Silencio y mezcal

Para Paola Pacheco

Vastas y vacías cámaras de silencio se expandieron en todas direcciones, y mi ser se expandió en proporción, y las llenó. Fue entonces cuando, por vez primera, pude apreciar el sonido, y encontrarlo musical

Henry David Thoreau

Bitácora de viaje:

San Juan Bautista, Coixtlahuaca, Oaxaca, octubre de 2011

Vamos a velocidad media sobre la carretera que conduce a Yanhuitlán. Venimos desde Coixtlahuaca, donde almorzamos barbacoa de chivo preparada a pie de horno. Doy tragos esporádicos a mi cerveza y la sensación de goce que se concentra en mi estómago me provoca evocar la imagen del horno de piedra cubierto con pencas de maguey, el humo saliendo de un golpe y los ojos entrecerrados del vendedor introduciendo intuitivamente la mano para sacar las porciones de carne; también las tortillas de trigo cocinándose en el comal, y el aroma inconfundible del café endulzado con piloncillo resguardado en la olla ennegrecida por el fuego de leña. Después, durante la plática de sobremesa, la alusión festiva a las anécdotas de la borrachera de anoche, y la coincidencia general en nuestro estado de resaca. De fondo, la imponente fachada del convento de Coixtlahuaca, en remodelación desde que yo era un niño, cuando me metía con mis hermanos entre las ranuras de los andamios y llegaba hasta el refectorio, donde, a pesar de la oscuridad total, era posible observar maderas viejas, retazos de antiguos materiales, jirones de lienzos religiosos con motivos sobre el dolor de los santos: una verdadera tierra enigmática digna de explorarse por la curiosidad infantil. Fue al terminar el almuerzo, al observar y recordar todo esto, cuando propuse conocer alguno de los otros dos conventos de la ruta dominica, esos sí completamente reconstruidos: Yanhuitlán o Teposcolula. Mi padre, Juan y Vale aceptaron. Éste último apuntó que había escuchado que el mezcal de Yanhuitlán era exquisito, y no sólo eso, sino también famoso por su bravura. Nos urgía curar la cruda, y sabíamos que el viaje nos ayudaría, así que nos inclinamos por esta opción. Las mujeres decidieron esperarnos arguyendo cansancio, decisión más que comprensible, pues qué cosa más insoportable para un sobrio que lidiar con el olor, humor y semblante destruido de un crudo.
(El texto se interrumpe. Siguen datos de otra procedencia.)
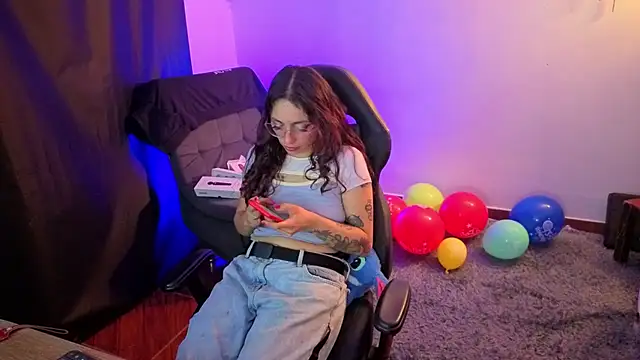 Snapshot of katianzayn chatting on 09.18.25 katianzayn online show from 09.18.25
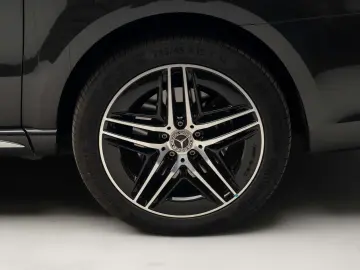 Mercedes Benz V300d Long AMG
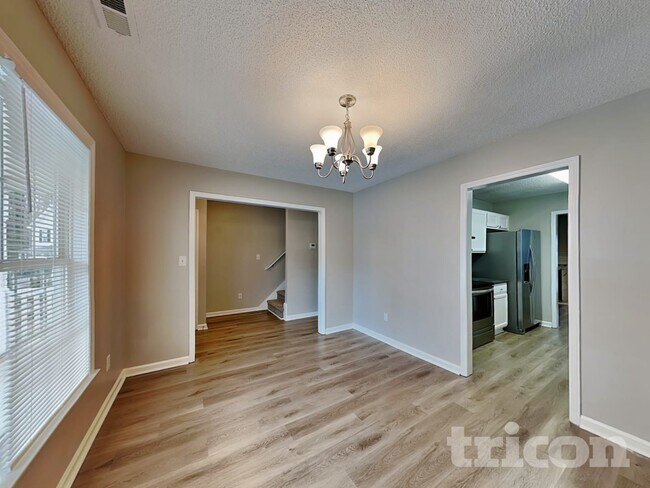 Photo - 4417 Woodlawn Dr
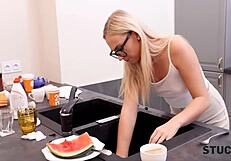 i helped the sensual babe after a little kitchen incident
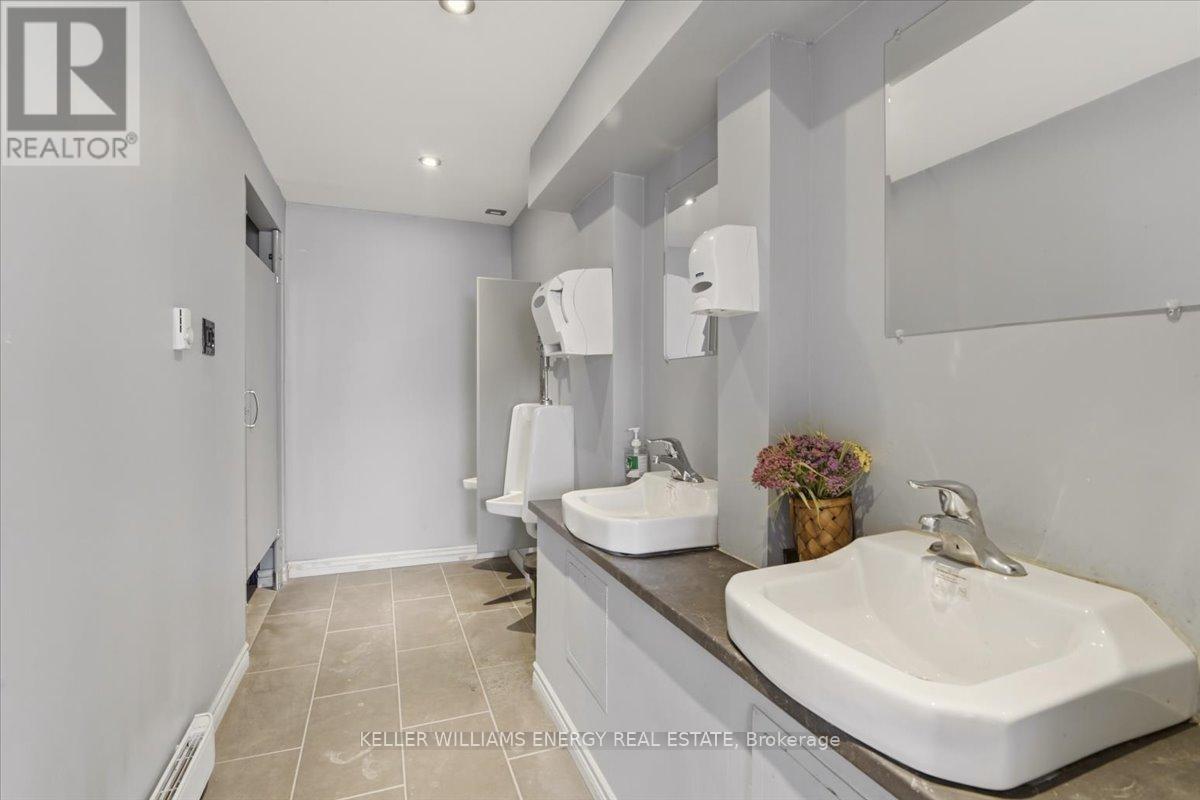 31 & 32 - 1333 Boundary Road, Oshawa, Ontario  L1J 6Z7 - Photo 9 - E13101304
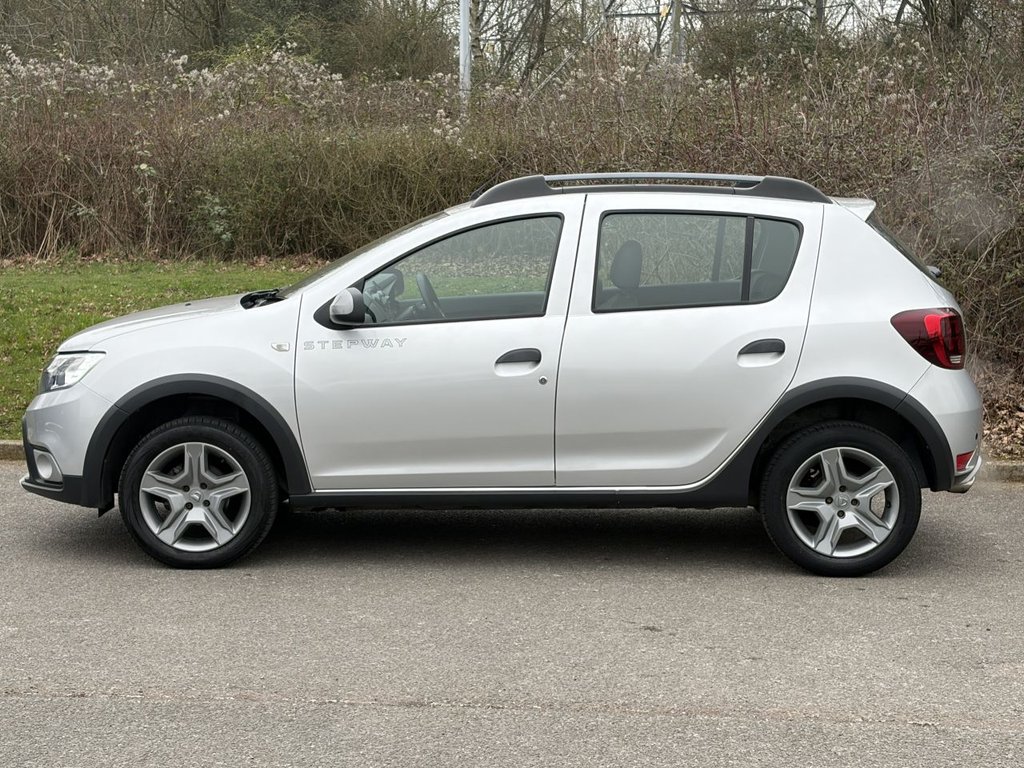 Used Dacia Sandero Stepway 2018 for sale - 77771016: Photo 2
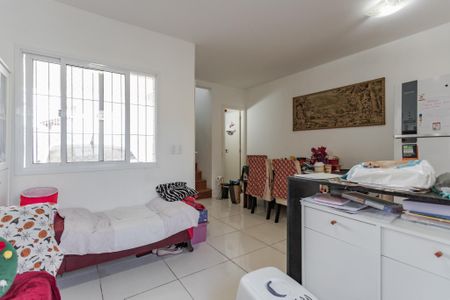 Sala de casa de condomínio à venda com 2 quartos, 82m² em Jardim Carvalho, Porto Alegre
Comprender a ese individuo exige un esfuerzo ejemplar de indulgencia, ante lo cual la mejor opción es también emborracharse. El punto es compartir la incurable melancolía que yace en todo borracho solitario (naturalmente tendiente a la introspección y el ensimismamiento) y tornar el dolor físico en algo lúdico y alegre.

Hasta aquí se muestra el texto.